Goal of the exercise:
In the records below, find the line that contains "Women’s Short Sleeve" and the line that contains "Creative Vision Framed"; write out exactly those two lines and everything between them, without the pictures.

Source material:
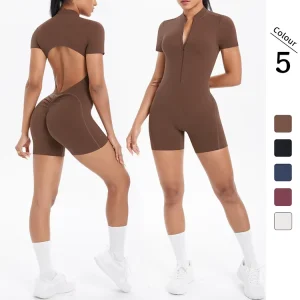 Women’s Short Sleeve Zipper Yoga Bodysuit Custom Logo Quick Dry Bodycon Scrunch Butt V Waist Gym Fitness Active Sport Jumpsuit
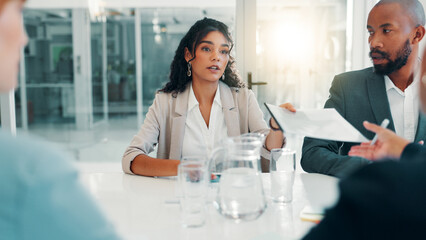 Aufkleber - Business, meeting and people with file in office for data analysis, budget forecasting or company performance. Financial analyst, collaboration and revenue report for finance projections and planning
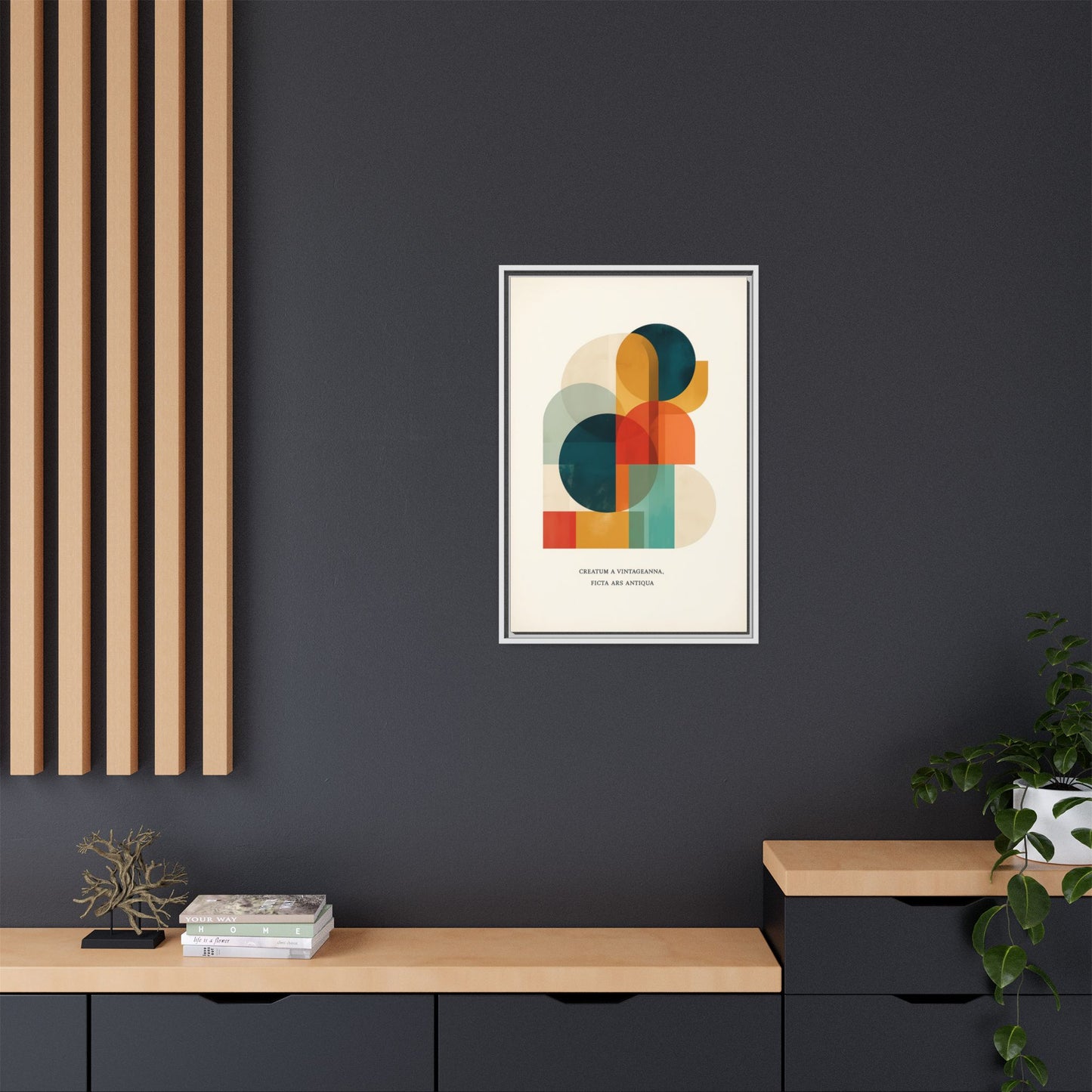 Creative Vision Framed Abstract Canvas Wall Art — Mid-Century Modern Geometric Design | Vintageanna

...

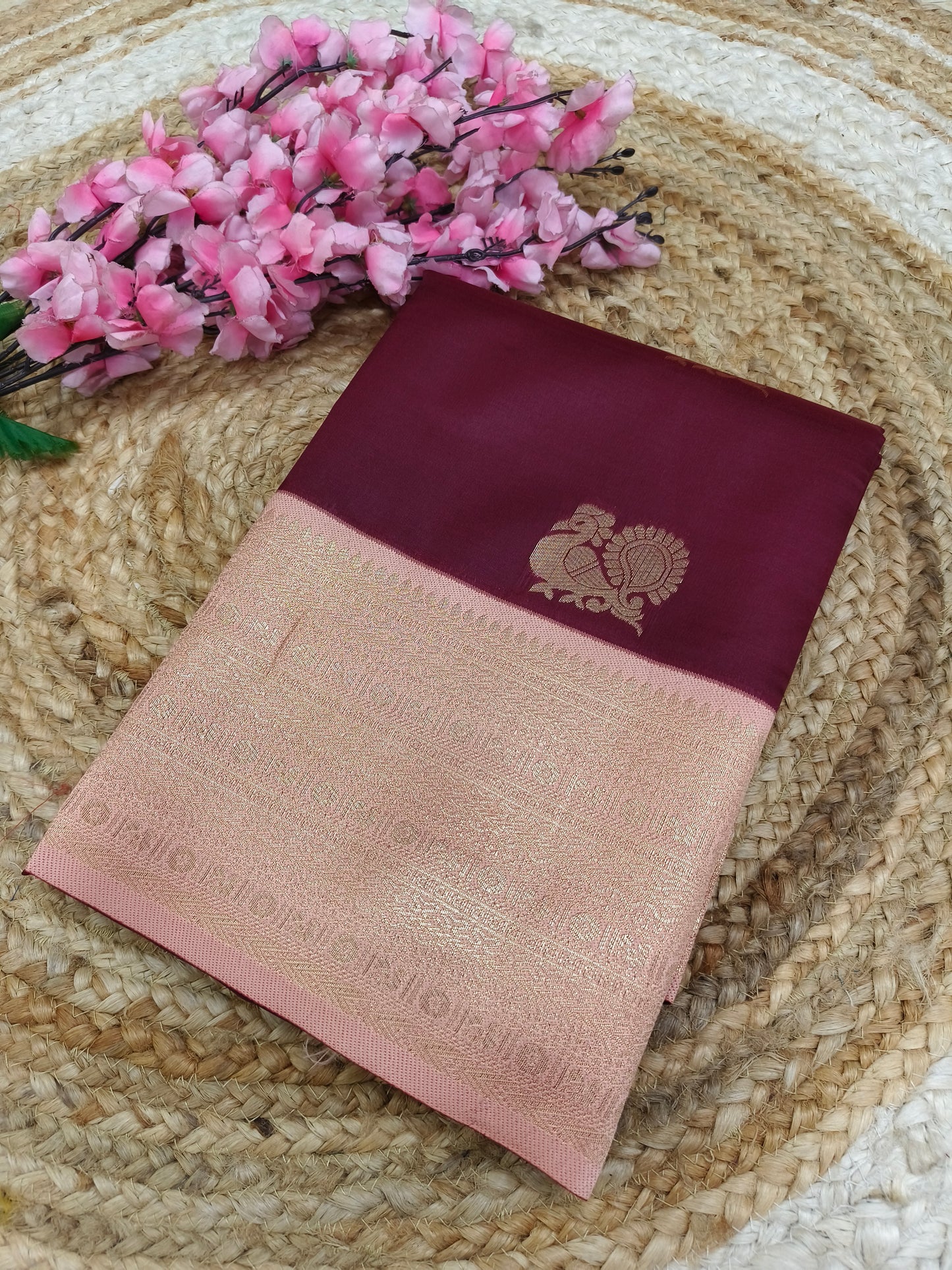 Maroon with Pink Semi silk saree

* * *

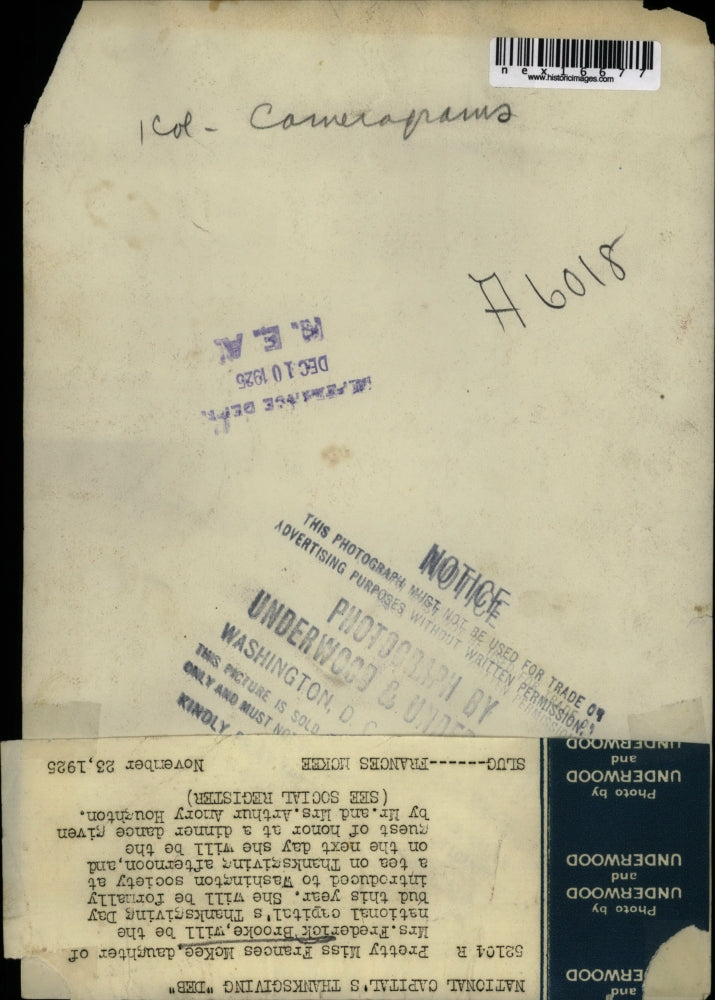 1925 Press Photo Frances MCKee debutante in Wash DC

Task output:
 Women’s Short Sleeve Zipper Yoga Bodysuit Custom Logo Quick Dry Bodycon Scrunch Butt V Waist Gym Fitness Active Sport Jumpsuit
 Aufkleber - Business, meeting and people with file in office for data analysis, budget forecasting or company performance. Financial analyst, collaboration and revenue report for finance projections and planning
 Creative Vision Framed Abstract Canvas Wall Art — Mid-Century Modern Geometric Design | Vintageanna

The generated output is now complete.